◆ PROBLEM:
Range to copy from the entries below: the line containing "Campa Cola /Lemon/Orange 500 ml" through the line containing "电影《流浪地球》，地下城的人都在吃蚯蚓干，它的秘密你知道吗？", inclusive. Retype only those lines, exactly, without any images.

◆ ENTRIES PROVIDED:
*** Begin section ***

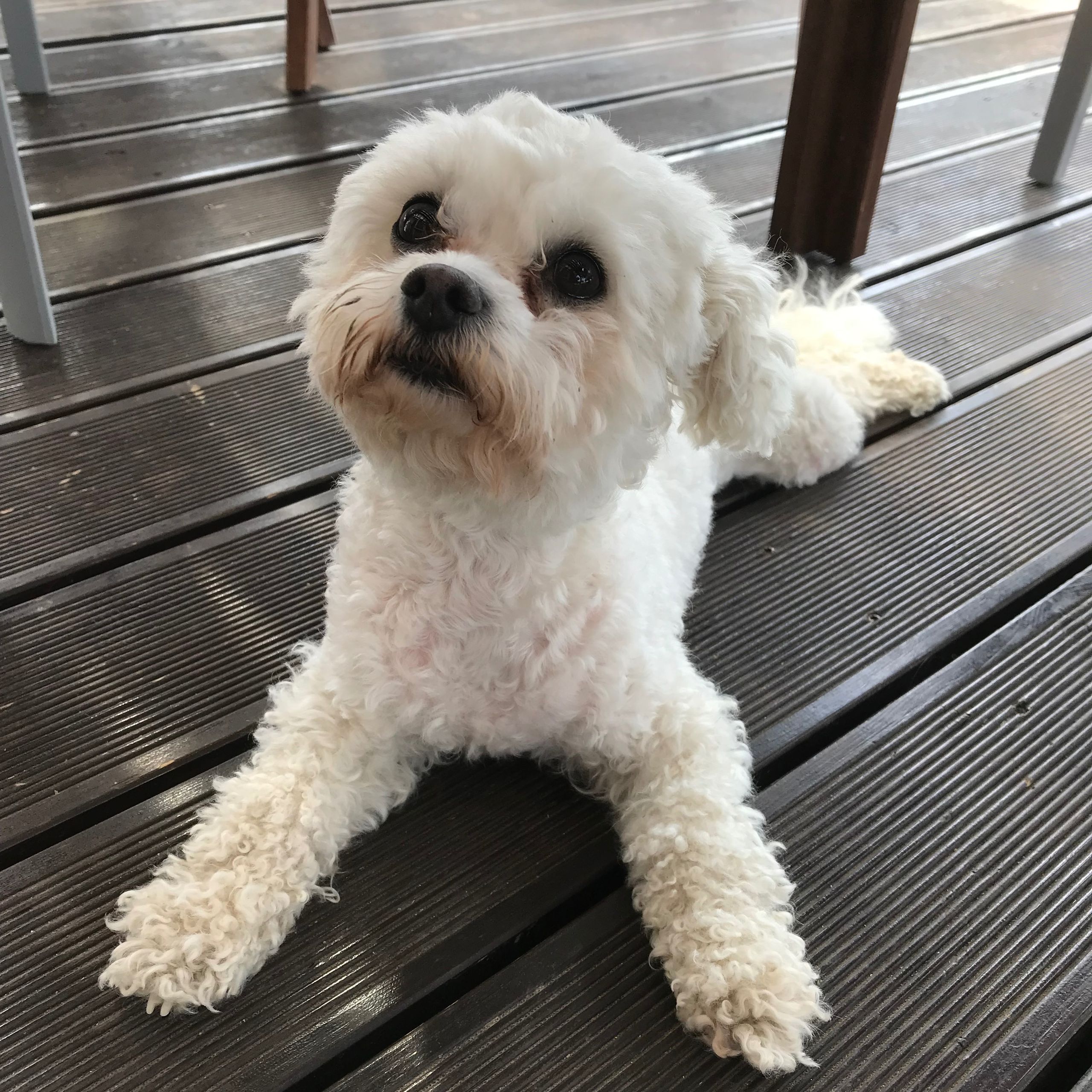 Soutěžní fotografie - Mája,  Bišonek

*** End section ***
*** Begin section ***

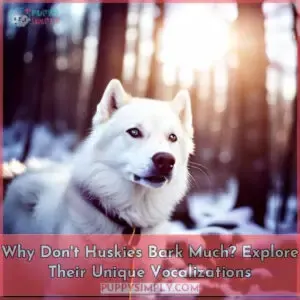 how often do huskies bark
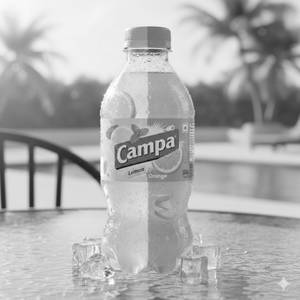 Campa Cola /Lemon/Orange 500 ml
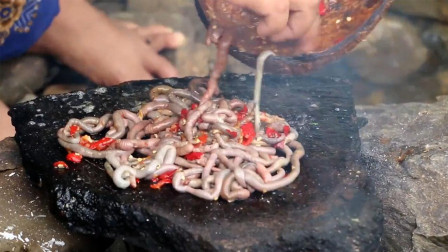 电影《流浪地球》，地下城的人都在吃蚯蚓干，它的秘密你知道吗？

*** End section ***

◆ FINISHED EXERCISE:
 Campa Cola /Lemon/Orange 500 ml
 电影《流浪地球》，地下城的人都在吃蚯蚓干，它的秘密你知道吗？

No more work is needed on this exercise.